As illustrated in FIG. 3, in some embodiments, a rope attachment device 66 (e.g., an equalizer or a bail) may be coupled to the dipper 34. The rope attachment device 66 can provide a rigid connection between the rope 42 and dipper 34 and maintain clearance between the rope 42 and dipper 34. The rope attachment device 66 can also increase the dig force by applying the tensile force of the rope 42 closer to the digging lip of the dipper 34. In some circumstances, the portion of the rope 42 adjacent the rope attachment device 66 and/or dipper 34 may be more susceptible to wear and/or damage from rock and other debris compared to other portions of the rope 42. Likewise, the engagement of the rope 42 with the rope attachment device 66, and/or dipper 34 can cause excessive abrasion in this area.

In the illustrated embodiments, the hoist rope 42 may be constructed from a synthetic material, such as a polymeric fiber. Replacement/service for conventional hoist ropes can be difficult and time consuming, often requiring handling heavy ropes and unplanned down time. A hoist rope 42 constructed from a synthetic material may have a lifespan that is substantially longer than conventional IWRC (independent wire rope core) steel hoist ropes (e.g., two to three times longer or more), thereby reducing the frequency of replacement/service. In addition, synthetic ropes 42 can be much lighter than conventional hoist ropes and may be easier to install. The lower mass of the synthetic rope 42 may also result in less vibration and damage to auxiliary components due to whipping of the rope 42 or unplanned movements.

The hoist rope 42 may be protected from abrasion and debris, for example, by an abrasion-resistant covering (e.g., a protector or guard 70). As used herein, the term “protector” may refer to a component or structure that provides abrasion resistance to the hoist rope. The term “protector” can refer to a component that is separate from the hoist rope; a component that is integrally attached to an outer surface of the hoist rope; and/or a component that is integrally formed with and/or embedded within the structure of the hoist rope. In some embodiments, the protector may be a separate member that is coupled to the rope 42. In some embodiments, the protector may be a rubber hose, a steel braided hose, or a wire sleeve. In some embodiments, the protector may be formed integrally with the rope 42, or installed directly on the rope 42 during assembly (e.g., prior to installation of the rope terminations). If the protector is a separate component coupled to the rope 42, the protector may closely conform to the outer surface of the rope 42 (for example, the protector may tightly fit around the rope 42) to inhibit debris and contaminants from entering a space between the rope 42 and the protector. In some circumstances, the protector may be loosely fit around the rope 42 and may have sealing provisions 71 at the ends of the protector to inhibit debris and contaminants from entering the space between the rope 42 and the protector. In some embodiments, more than one of the above-referenced options may be used in combination.
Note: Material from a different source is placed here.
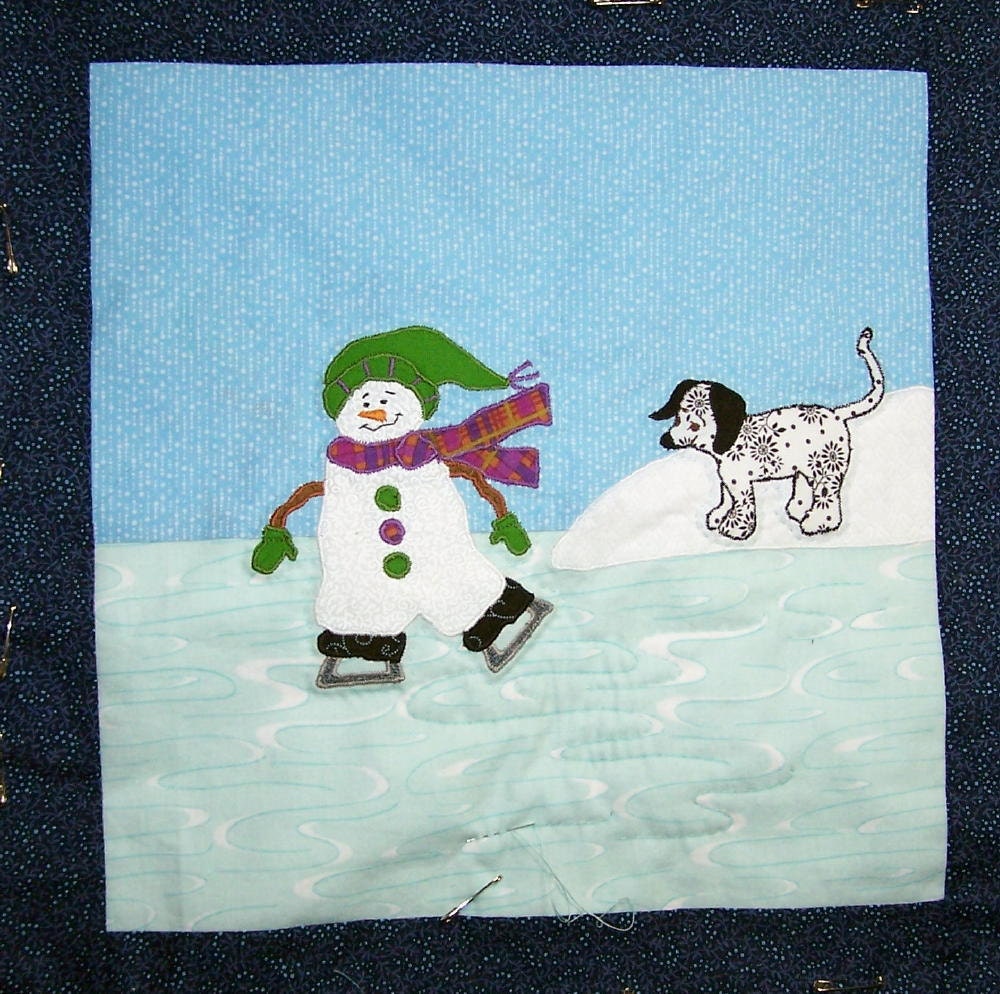 Winter friends fabric wall decor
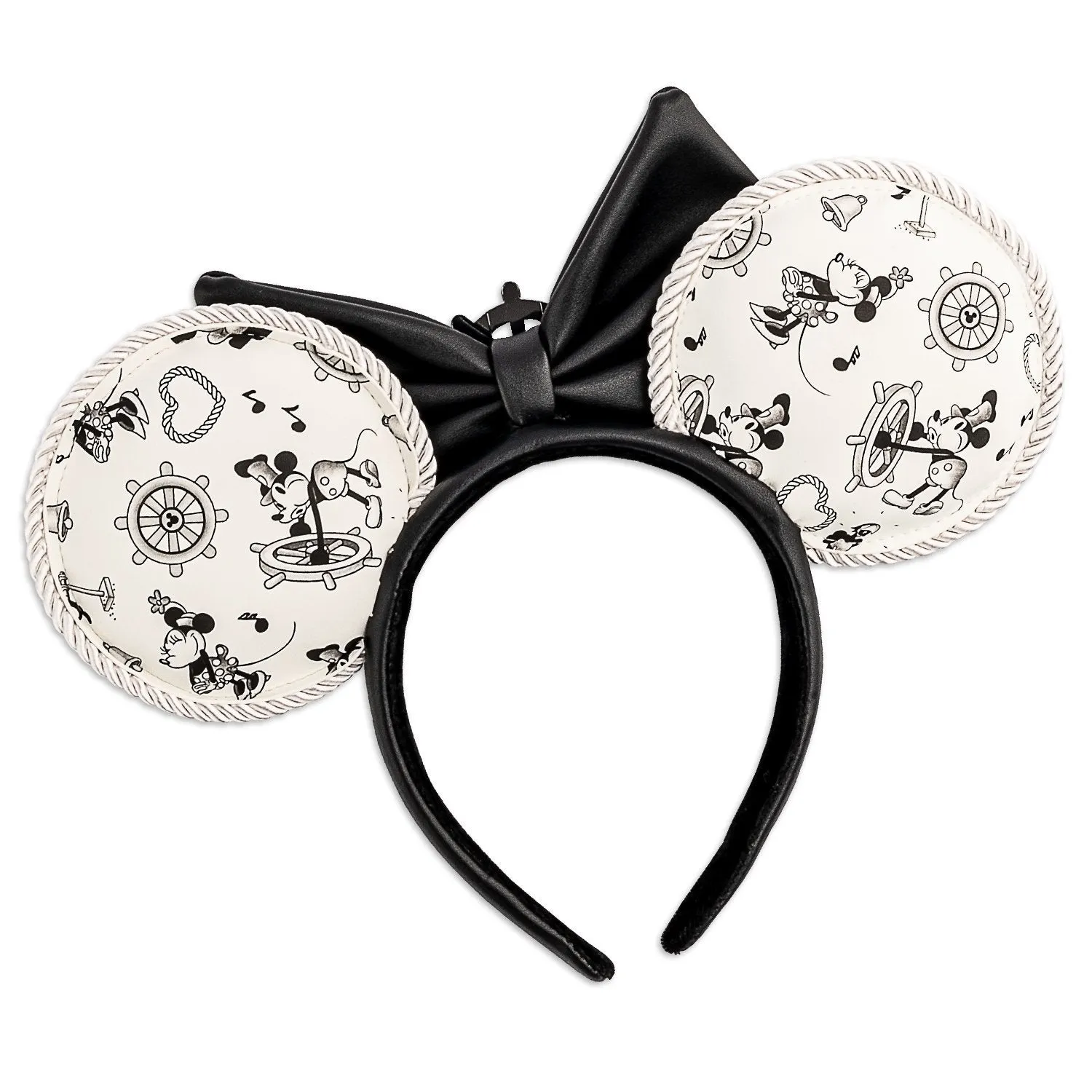 Disney Steamboat Willie Minnie Ears Headband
In some circumstances, portions of the rope 42 adjacent the rope attachment device 66 may be more likely to contact debris and therefore may be more likely to experience wear and/or abrasion. As shown in FIG. 4 (in which the rope attachment device 66 is shown as transparent), in some embodiments the covering or protector 70 may be installed around the portions of rope 42 adjacent the rope attachment device 66. For example, the protector 70 may be positioned adjacent the rope attachment device 66 such that an end of the protector 70 may be positioned between approximately one foot to approximately ten feet above the rope attachment device 66. In other embodiments, the protector 70 may extend more than ten feet above the rope attachment device 66. In some embodiments, separate protectors 70 may be coupled to the rope 42 on either side of the rope attachment device 66. In some embodiments, as shown, the protector 70 may extend from one side to the other of the D-block or rope attachment device 66. In some embodiments, the protector 70 may extend along less than 10% of an overall length of rope 42. Positioning the protector 70 only on the portion of rope 42 adjacent the rope attachment device 66 can provide cost and weight saving compared to a protector 70 that extends along a greater length of the rope 42. It also allows a thin hoist rope 42 to more easily wrap around the drum 40, for example, than if the wrapped portion also had a protector 70 or protective member. In some embodiments, an end termination of the rope 42 (e.g., an end termination, such as a ferrule, that couples the rope 42 to the drum 40) may have a larger diameter than the middle portion of the rope 42 (i.e., portion of the rope 42 between end terminations). The protector 70 may have a smaller inner diameter than the end termination of the rope 42. The protector 70 may have a diameter that is larger or approximately equal to the diameter of the middle portion of the rope 42. The protector 70 may be positioned/formed on the portion of the rope 42 during manufacture of the rope 42, before the end terminations are secured to the ends of the rope 42.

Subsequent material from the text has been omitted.